• _Action item_: From the records below, please print only the lines from the one containing "Trực tiếp bóng" through the one containing "1060 Grove Street # 42", both included. Skip the pictures.

• _Information_:
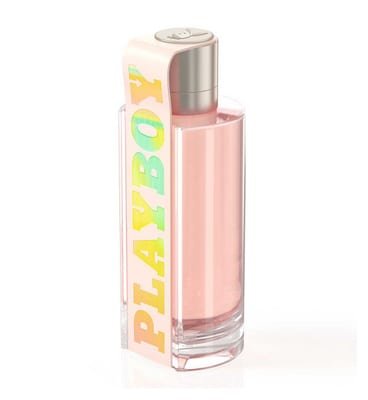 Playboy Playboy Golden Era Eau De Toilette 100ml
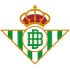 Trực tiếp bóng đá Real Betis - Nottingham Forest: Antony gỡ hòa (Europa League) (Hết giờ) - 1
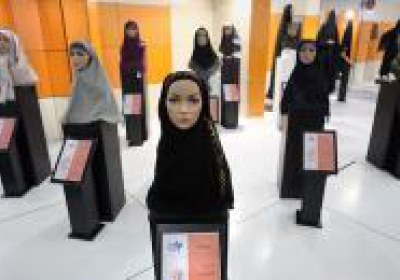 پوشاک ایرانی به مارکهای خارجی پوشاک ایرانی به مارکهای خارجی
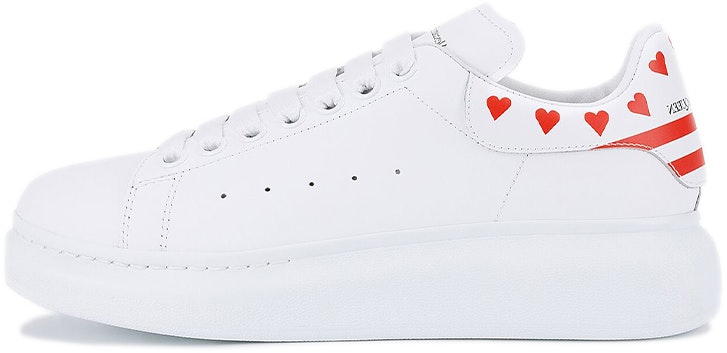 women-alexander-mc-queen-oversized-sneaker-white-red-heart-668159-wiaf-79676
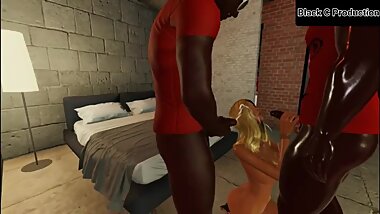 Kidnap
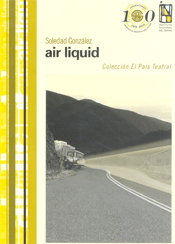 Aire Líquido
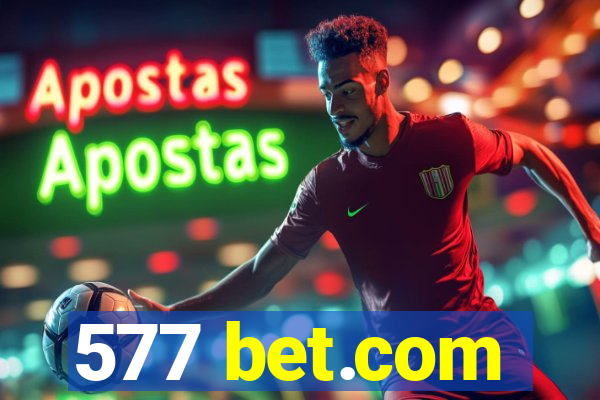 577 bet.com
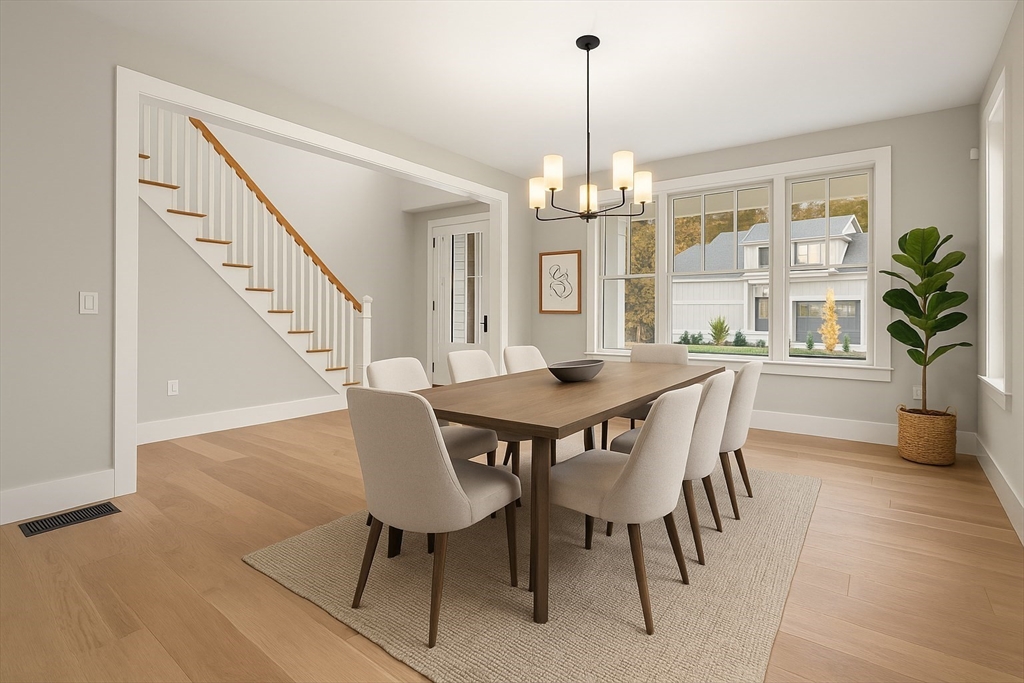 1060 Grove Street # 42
==
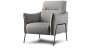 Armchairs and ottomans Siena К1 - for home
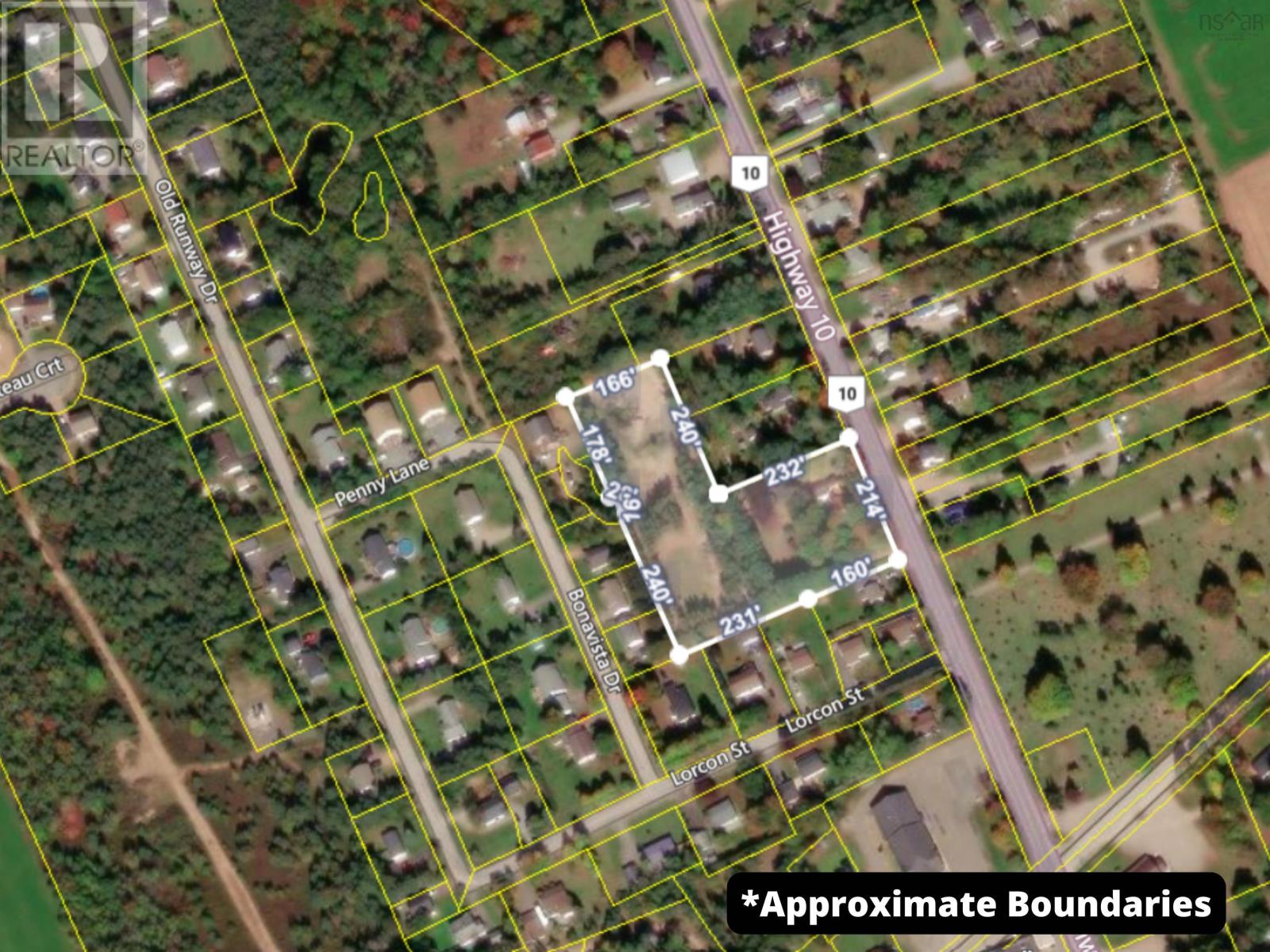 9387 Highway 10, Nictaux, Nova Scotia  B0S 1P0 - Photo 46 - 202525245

• _Answer box_:
 Trực tiếp bóng đá Real Betis - Nottingham Forest: Antony gỡ hòa (Europa League) (Hết giờ) - 1
 پوشاک ایرانی به مارکهای خارجی پوشاک ایرانی به مارکهای خارجی
 women-alexander-mc-queen-oversized-sneaker-white-red-heart-668159-wiaf-79676
 Kidnap
 Aire Líquido
 577 bet.com
 1060 Grove Street # 42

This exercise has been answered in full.